TCM Spotlight: Girlfriends
The movies are arranged by themes including Girlfriends Coming of Age, which features two charming comedies about best friends facing the perils of growing up. In The World of Henry Orient (1964) it is Tippi Walker and Merrie Spaeth as young New Yorkers suffering the pangs of an adolescent crush on an older man (Peter Sellers). Where Angels Go Trouble Follows! has Susan Saint James and Barbara Hunter as the rebellious schoolgirls who run afoul of a conservative Mother Superior played by Rosalind Russell. Best Friends includes George Cukor's Rich and Famous (1981), which looks at a pair of girlhood friends (played by Jacqueline Bisset and Candice Bergen) who grow up to become romantic and literary rivals. The crime drama Three on a Match (1932) stars Joan Blondell, Bette Davis and Ann Dvorak as former schoolmates who meet again as adults and face difficult and dangerous situations together.
Among filmic "Frenemies" are Bette Davis and Miriam Hopkins in Old Acquaintance (1943), in which the explosive stars play longtime pals and competitors feuding over the men in their lives; and that flock of female stars, headed by Norma Shearer and Joan Crawford, who cat-fight their way through The Women (1939). Wartime Women's Friendships encompass the kinship that develops between Goldie Hawn and Christine Lahti as co-workers in a World War II aircraft plant in Swing Shift (1984); and the mutual support system that another wartime factory worker (Ginger Rogers) develops with her work buddies in Tender Comrade (1948).
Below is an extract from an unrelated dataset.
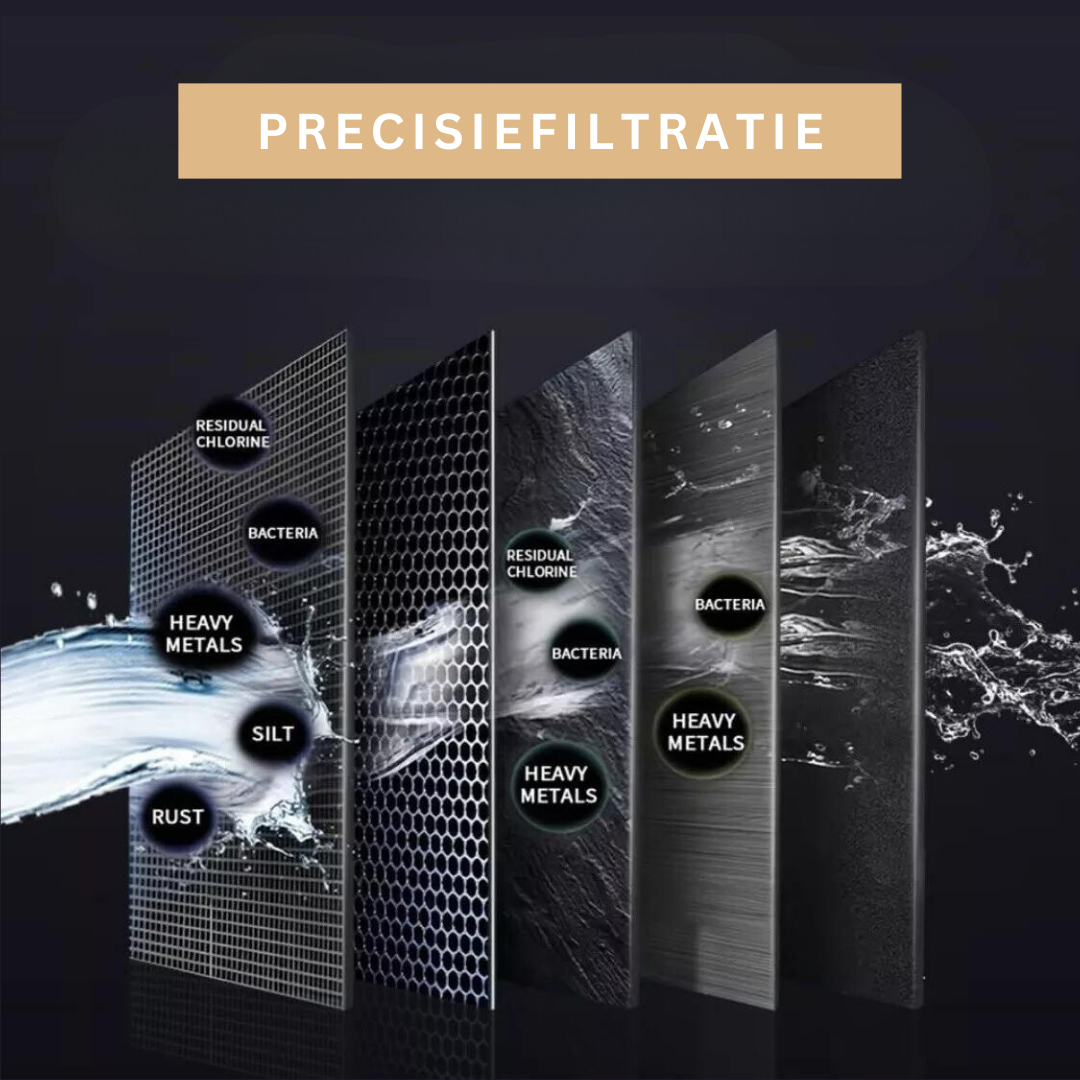 AuraEco – Filtre d'aigua de l'aixeta contra la calç i les impureses – Sostenible i senzill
Where the Boys Are includes the 1960 film of that title, set in Fort Lauderdale, Florida, and focusing upon the friendship among four vacationing coeds played by Dolores Hart, Yvette Mimieux, Paula Prentiss and Connie Frances. Marilyn Monroe and Jane Russell memorably play pals scouting for husband material in the sparkling musical Gentlemen Prefer Blondes (1953). Roommates features another TCM premiere, Sheila Levine is Dead and Living in New York (1975), a comedy with Jeannie Berlin as a New Yorker sharing an apartment with a friend (Rebecca Dianna Smith) who is luckier in love. Another pair of roommates are featured in Girlfriends (1978), with Melanie Mayron and Anita Skinner as best friends who stop living together but remain deeply involved in each others' lives.
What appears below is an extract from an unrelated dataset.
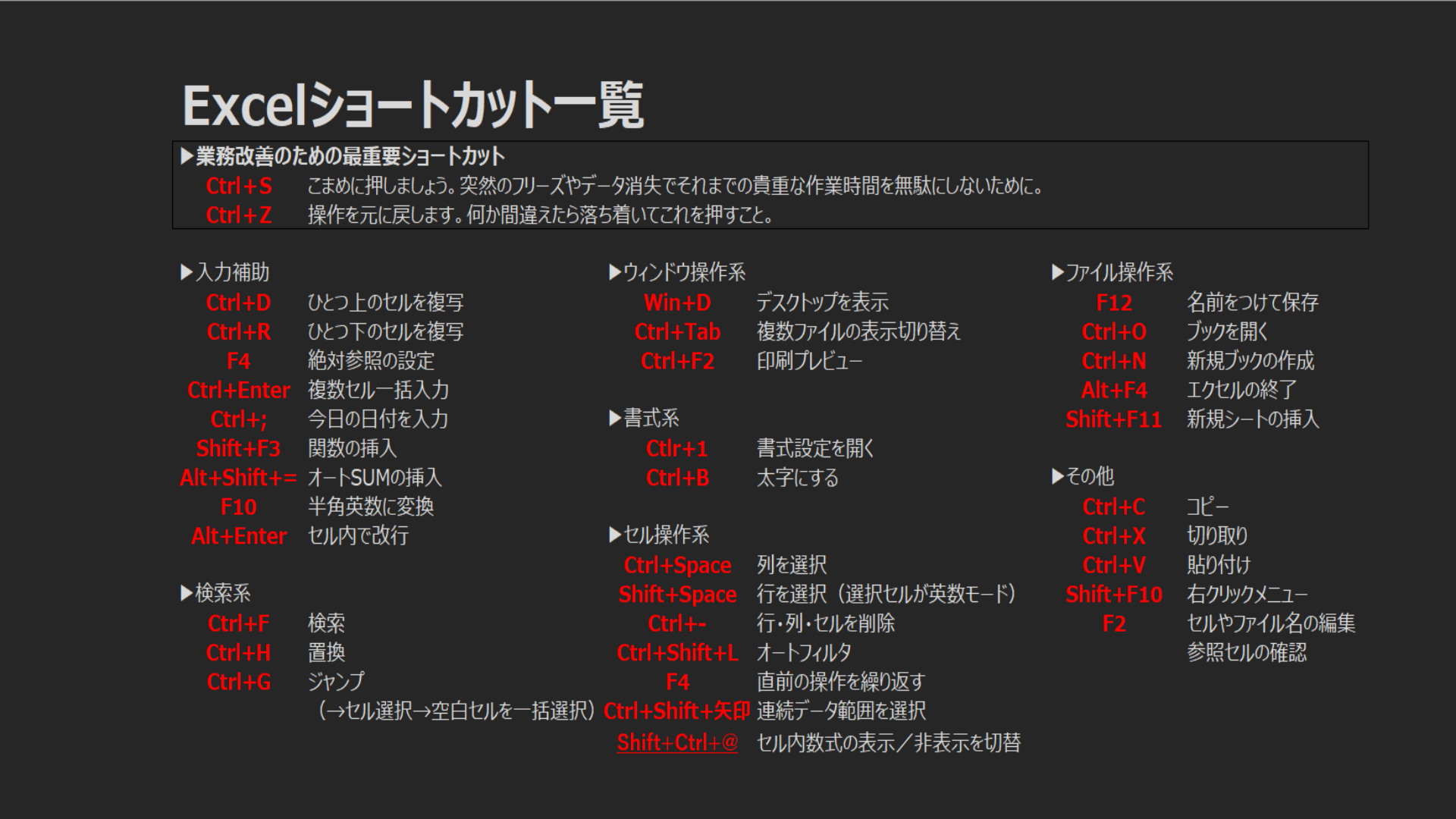 Excelのショートカットキー一覧を壁紙にしました 独学応援ブログ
More Than Friends? includes two film versions of a Lillian Hellman play about a pair of schoolteachers who are suspected of being lesbian lovers. These Three (1936), starring Miriam Hopkins and Merle Oberon, had to alter the plot because of censorship rules; but The Children's Hour (1961), featuring Audrey Hepburn and Shirley MacLaine, sticks closer to the original and retains its title. A Circle of Friends is shared in Little Darlings (1980) by two teenagers (Tatum O'Neal and Kristy McNichol) who involve fellow attendees of a summer camp in a wager about which girl will be the first to lose her virginity. And Stage Door (1937) is enlivened by an incredible list of actresses who play would-be stars living at a New York City boarding house. Among them are Katharine Hepburn, Ginger Rogers, Andrea Leads, Lucille Ball, Eve Arden and Ann Miller.